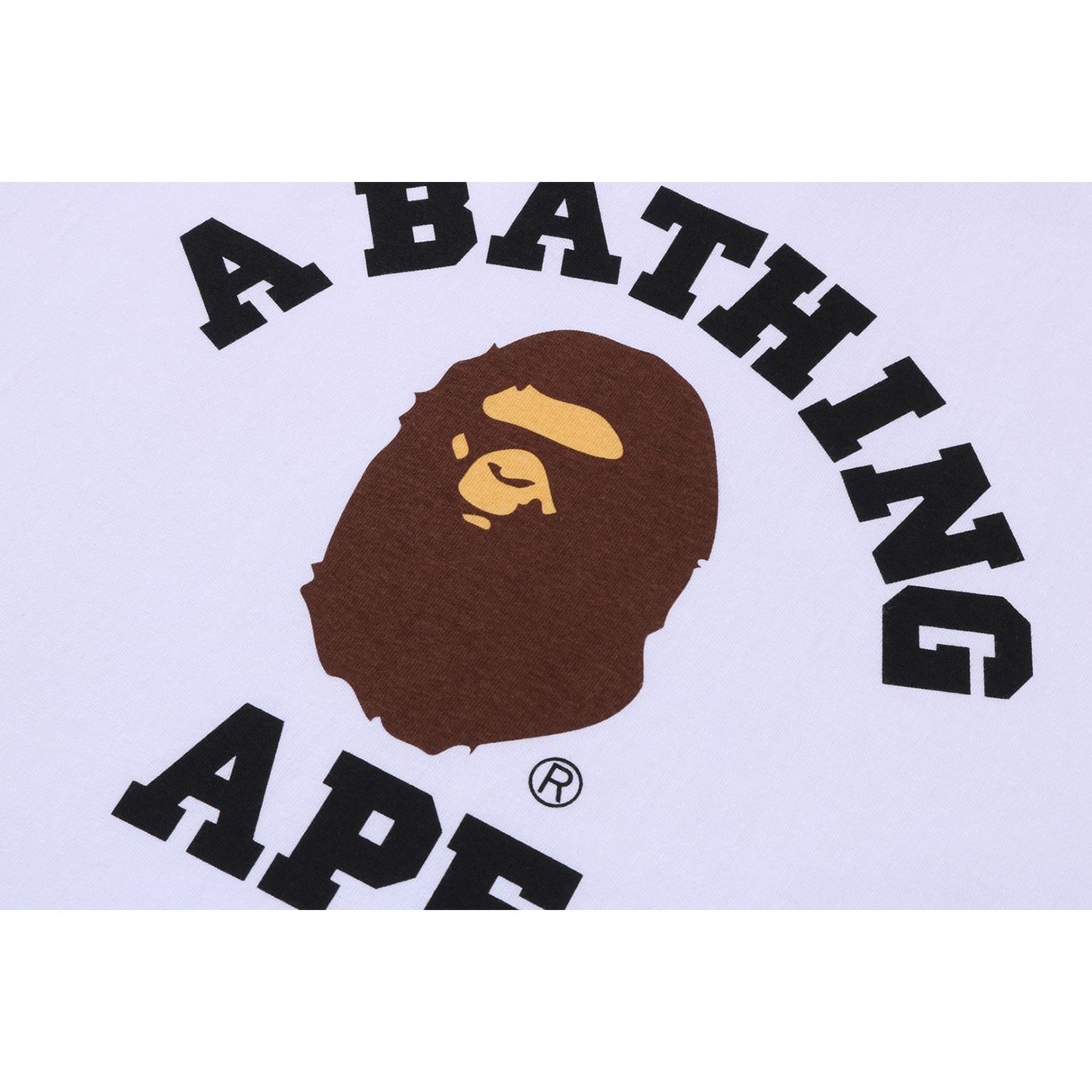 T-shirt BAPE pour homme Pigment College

==

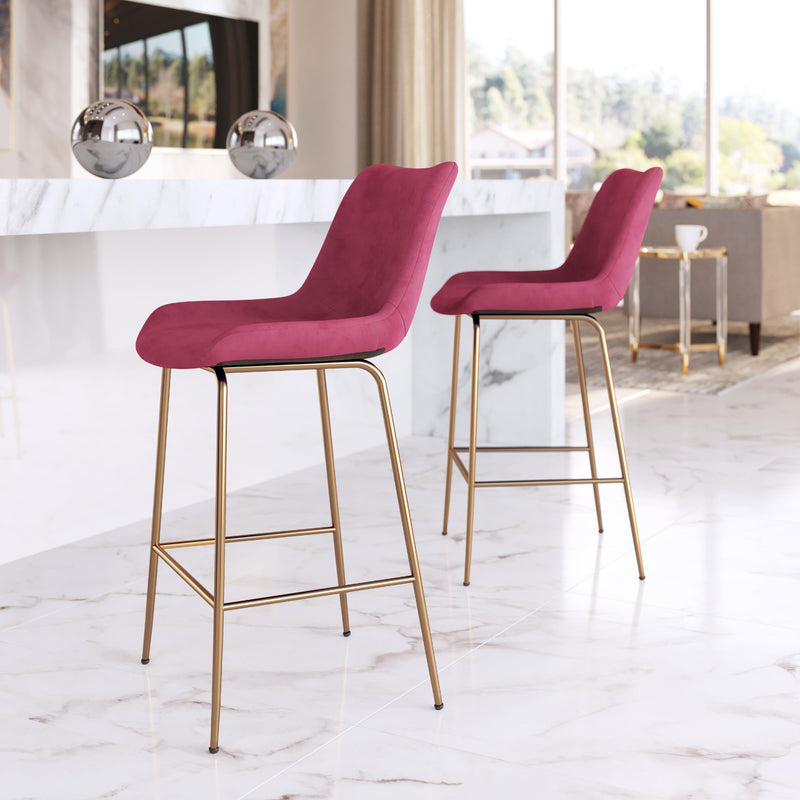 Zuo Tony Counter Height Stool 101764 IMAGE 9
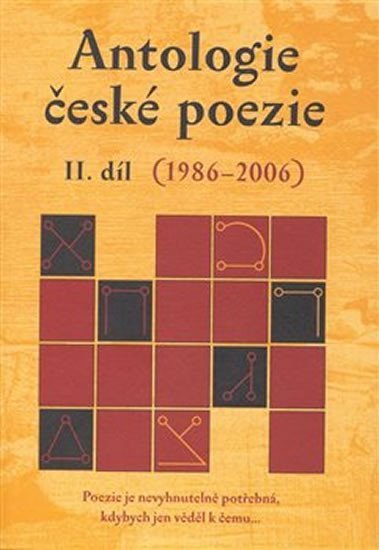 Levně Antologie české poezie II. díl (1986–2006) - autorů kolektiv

==

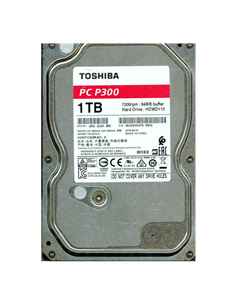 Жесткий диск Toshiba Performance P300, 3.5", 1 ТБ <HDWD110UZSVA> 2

- Instructions to follow -
The answer is the lines above from the one with "Zuo Tony Counter Height Stool 101764 IMAGE 9" to the one with "Levně Antologie české", set down exactly, with no pictures.

- Task solution -
 Zuo Tony Counter Height Stool 101764 IMAGE 9
 Levně Antologie české poezie II. díl (1986–2006) - autorů kolektiv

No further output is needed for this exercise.